When I chose to complete an autoethnography in order to fulfill the requirements of a Narrative Inquiry class, I had only minimal understanding of the implications. As the course progressed and I read more about this qualitative research method, I began to have my doubts. I procrastinated and when I did put forth effort early on, my stomach often became queasy. I am not a revealing person. Richardson (1994) tells us that: Autoethnography can be a very difficult undertaking because this form of scholarship
highlights more than ever issues of representation, “objectivity,” data quality, legitimacy, and ethics. Although working through these challenges can lead to the production of an excellent text, the intimate and personal nature of autoethnography can, in fact, make it one of the most challenging qualitative approaches to attempt (p. 521). For me, the challenge would be particularly difficult. I would need to recall events that I’ve spent decades trying to forget. After recalling these events I would need to relate them without conveying bitterness or anger. I have every right to be angry, but I believe that by focusing on my goal to understand something positive in my life, I could ultimately write about bad experiences in a positive light.

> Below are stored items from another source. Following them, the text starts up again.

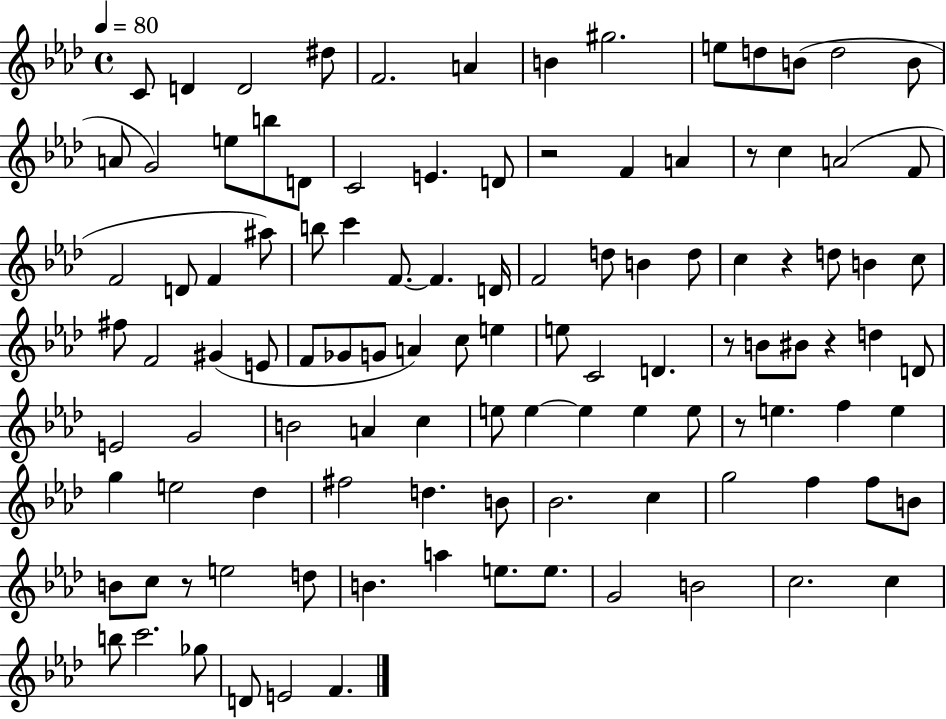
{
  \clef treble
  \time 4/4
  \defaultTimeSignature
  \key aes \major
  \tempo 4 = 80
  \repeat volta 2 { c'8 d'4 d'2 dis''8 | f'2. a'4 | b'4 gis''2. | e''8 d''8 b'8( d''2 b'8 | \break a'8 g'2) e''8 b''8 d'8 | c'2 e'4. d'8 | r2 f'4 a'4 | r8 c''4 a'2( f'8 | \break f'2 d'8 f'4 ais''8) | b''8 c'''4 f'8.~~ f'4. d'16 | f'2 d''8 b'4 d''8 | c''4 r4 d''8 b'4 c''8 | \break fis''8 f'2 gis'4( e'8 | f'8 ges'8 g'8 a'4) c''8 e''4 | e''8 c'2 d'4. | r8 b'8 bis'8 r4 d''4 d'8 | \break e'2 g'2 | b'2 a'4 c''4 | e''8 e''4~~ e''4 e''4 e''8 | r8 e''4. f''4 e''4 | \break g''4 e''2 des''4 | fis''2 d''4. b'8 | bes'2. c''4 | g''2 f''4 f''8 b'8 | \break b'8 c''8 r8 e''2 d''8 | b'4. a''4 e''8. e''8. | g'2 b'2 | c''2. c''4 | \break b''8 c'''2. ges''8 | d'8 e'2 f'4. | } \bar "|."
}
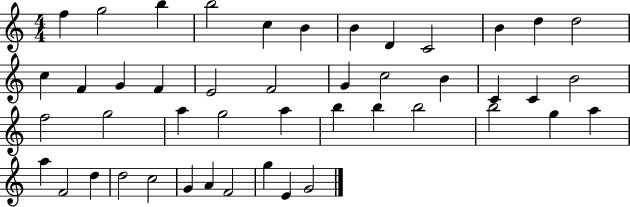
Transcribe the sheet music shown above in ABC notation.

X:1
T:Untitled
M:4/4
L:1/4
K:C
f g2 b b2 c B B D C2 B d d2 c F G F E2 F2 G c2 B C C B2 f2 g2 a g2 a b b b2 b2 g a a F2 d d2 c2 G A F2 g E G2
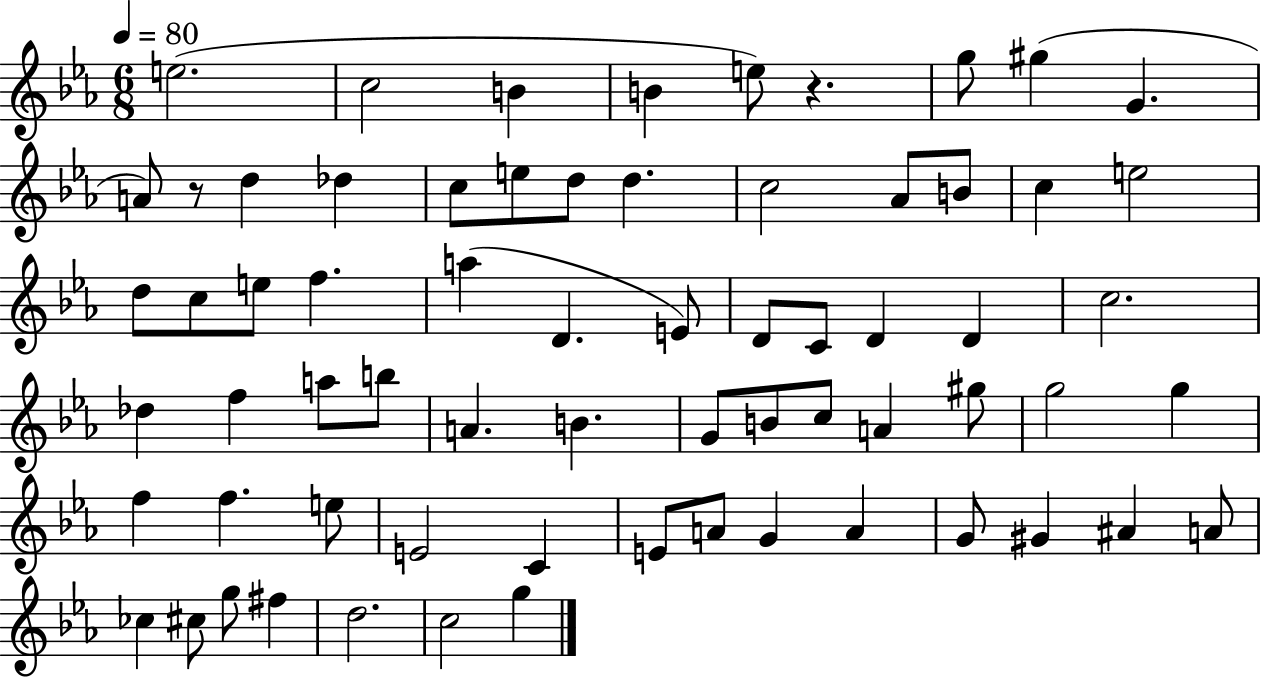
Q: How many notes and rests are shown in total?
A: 67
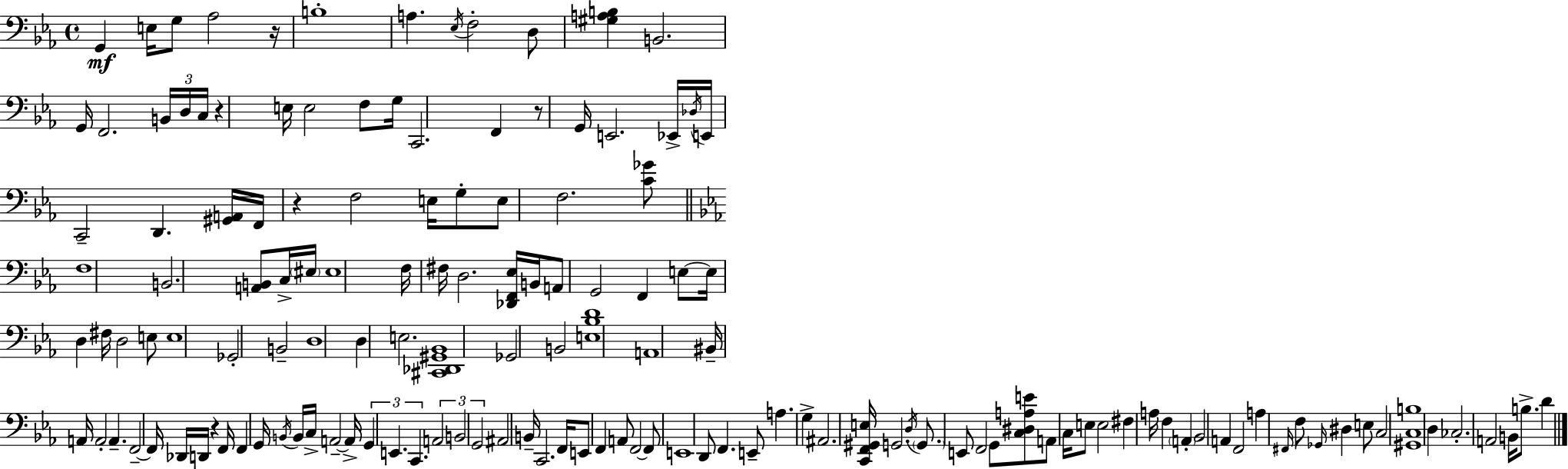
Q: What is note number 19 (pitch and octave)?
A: G3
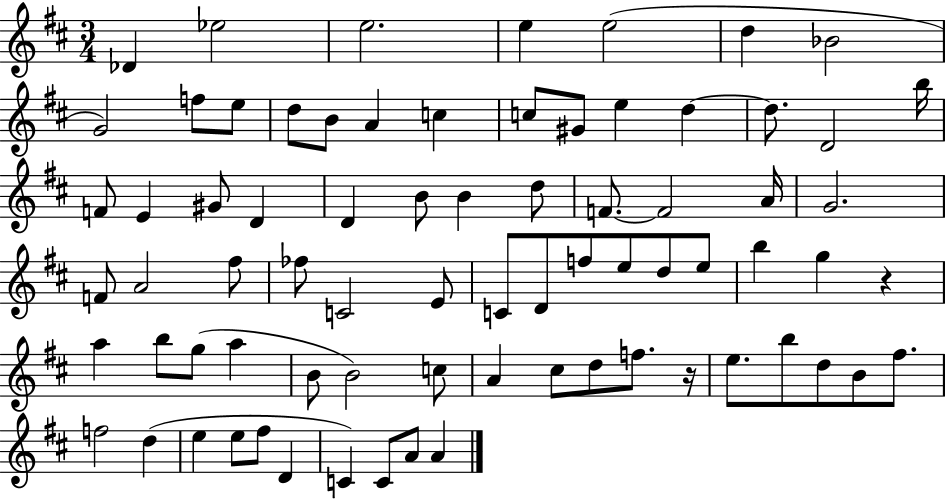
Db4/q Eb5/h E5/h. E5/q E5/h D5/q Bb4/h G4/h F5/e E5/e D5/e B4/e A4/q C5/q C5/e G#4/e E5/q D5/q D5/e. D4/h B5/s F4/e E4/q G#4/e D4/q D4/q B4/e B4/q D5/e F4/e. F4/h A4/s G4/h. F4/e A4/h F#5/e FES5/e C4/h E4/e C4/e D4/e F5/e E5/e D5/e E5/e B5/q G5/q R/q A5/q B5/e G5/e A5/q B4/e B4/h C5/e A4/q C#5/e D5/e F5/e. R/s E5/e. B5/e D5/e B4/e F#5/e. F5/h D5/q E5/q E5/e F#5/e D4/q C4/q C4/e A4/e A4/q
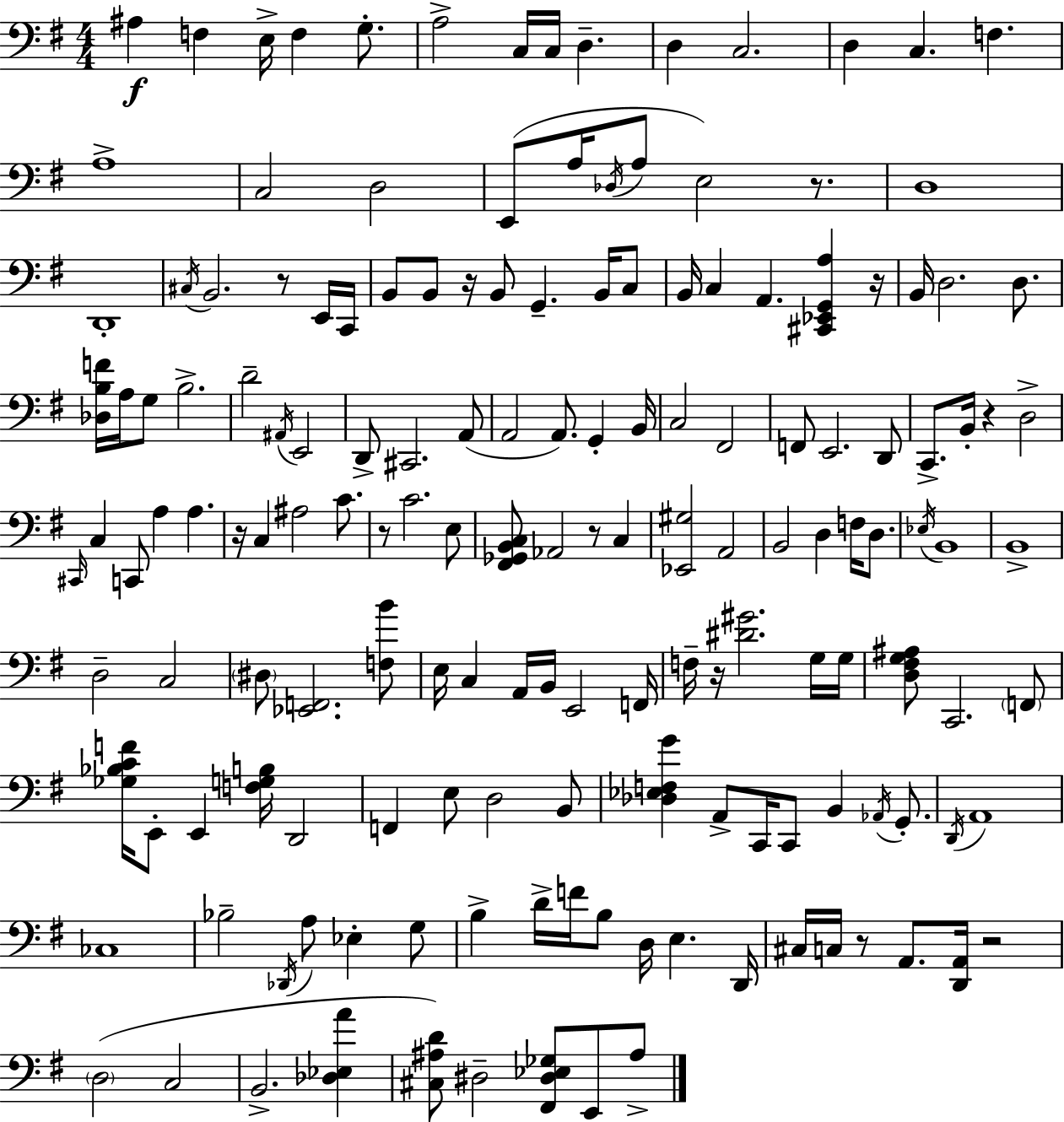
{
  \clef bass
  \numericTimeSignature
  \time 4/4
  \key e \minor
  ais4\f f4 e16-> f4 g8.-. | a2-> c16 c16 d4.-- | d4 c2. | d4 c4. f4. | \break a1-> | c2 d2 | e,8( a16 \acciaccatura { des16 } a8 e2) r8. | d1 | \break d,1-. | \acciaccatura { cis16 } b,2. r8 | e,16 c,16 b,8 b,8 r16 b,8 g,4.-- b,16 | c8 b,16 c4 a,4. <cis, ees, g, a>4 | \break r16 b,16 d2. d8. | <des b f'>16 a16 g8 b2.-> | d'2-- \acciaccatura { ais,16 } e,2 | d,8-> cis,2. | \break a,8( a,2 a,8.) g,4-. | b,16 c2 fis,2 | f,8 e,2. | d,8 c,8.-> b,16-. r4 d2-> | \break \grace { cis,16 } c4 c,8 a4 a4. | r16 c4 ais2 | c'8. r8 c'2. | e8 <fis, ges, b, c>8 aes,2 r8 | \break c4 <ees, gis>2 a,2 | b,2 d4 | f16 d8. \acciaccatura { ees16 } b,1 | b,1-> | \break d2-- c2 | \parenthesize dis8 <ees, f,>2. | <f b'>8 e16 c4 a,16 b,16 e,2 | f,16 f16-- r16 <dis' gis'>2. | \break g16 g16 <d fis g ais>8 c,2. | \parenthesize f,8 <ges bes c' f'>16 e,8-. e,4 <f g b>16 d,2 | f,4 e8 d2 | b,8 <des ees f g'>4 a,8-> c,16 c,8 b,4 | \break \acciaccatura { aes,16 } g,8.-. \acciaccatura { d,16 } a,1 | ces1 | bes2-- \acciaccatura { des,16 } | a8 ees4-. g8 b4-> d'16-> f'16 b8 | \break d16 e4. d,16 cis16 c16 r8 a,8. <d, a,>16 | r2 \parenthesize d2( | c2 b,2.-> | <des ees a'>4 <cis ais d'>8) dis2-- | \break <fis, dis ees ges>8 e,8 ais8-> \bar "|."
}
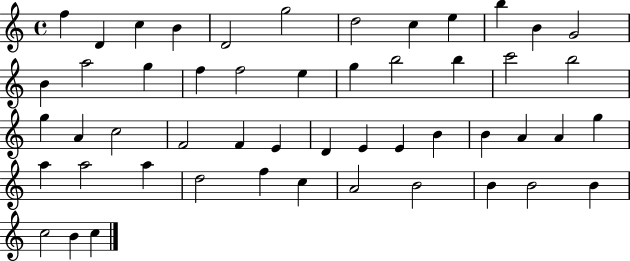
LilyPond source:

{
  \clef treble
  \time 4/4
  \defaultTimeSignature
  \key c \major
  f''4 d'4 c''4 b'4 | d'2 g''2 | d''2 c''4 e''4 | b''4 b'4 g'2 | \break b'4 a''2 g''4 | f''4 f''2 e''4 | g''4 b''2 b''4 | c'''2 b''2 | \break g''4 a'4 c''2 | f'2 f'4 e'4 | d'4 e'4 e'4 b'4 | b'4 a'4 a'4 g''4 | \break a''4 a''2 a''4 | d''2 f''4 c''4 | a'2 b'2 | b'4 b'2 b'4 | \break c''2 b'4 c''4 | \bar "|."
}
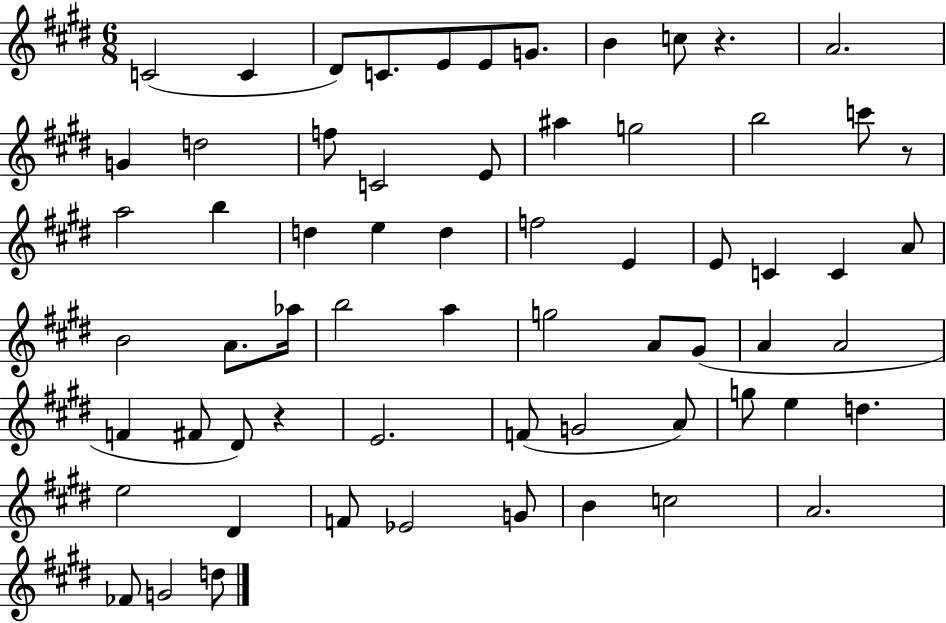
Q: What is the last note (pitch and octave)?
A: D5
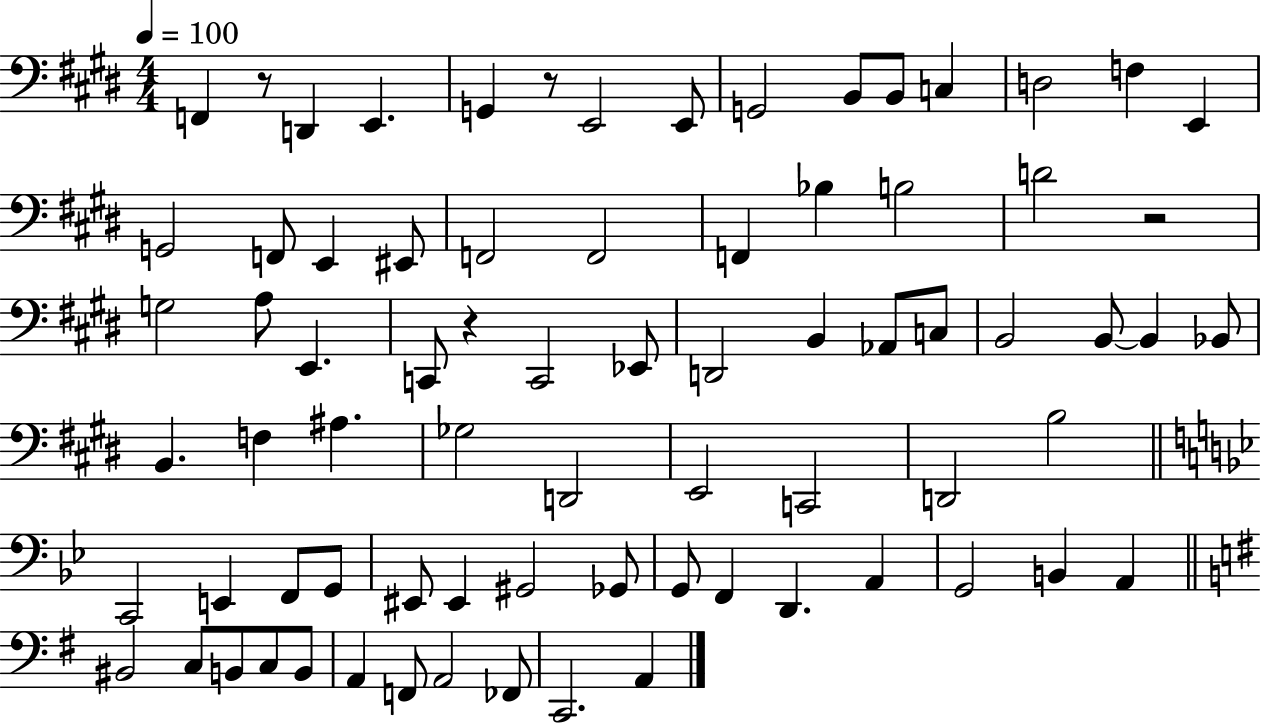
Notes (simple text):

F2/q R/e D2/q E2/q. G2/q R/e E2/h E2/e G2/h B2/e B2/e C3/q D3/h F3/q E2/q G2/h F2/e E2/q EIS2/e F2/h F2/h F2/q Bb3/q B3/h D4/h R/h G3/h A3/e E2/q. C2/e R/q C2/h Eb2/e D2/h B2/q Ab2/e C3/e B2/h B2/e B2/q Bb2/e B2/q. F3/q A#3/q. Gb3/h D2/h E2/h C2/h D2/h B3/h C2/h E2/q F2/e G2/e EIS2/e EIS2/q G#2/h Gb2/e G2/e F2/q D2/q. A2/q G2/h B2/q A2/q BIS2/h C3/e B2/e C3/e B2/e A2/q F2/e A2/h FES2/e C2/h. A2/q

Autoethnography requires the researcher to gaze, first through an ethnographic wideangle lens, focusing outward on social and cultural aspects of their personal experience; then, they look inward, exposing a vulnerable self that is moved by and may move through, refract, and resist cultural interpretations ( (Ellis & Bochner, 2000). In this, Ellis offers this more simple personal explanation: I started with my personal life. I payed attention to my physical feelings, thoughts, and emotions. I usede what I call systematic sociological introspection and emotional recall to try to understand an experience that I lived through. Then I wrote my experience as a story.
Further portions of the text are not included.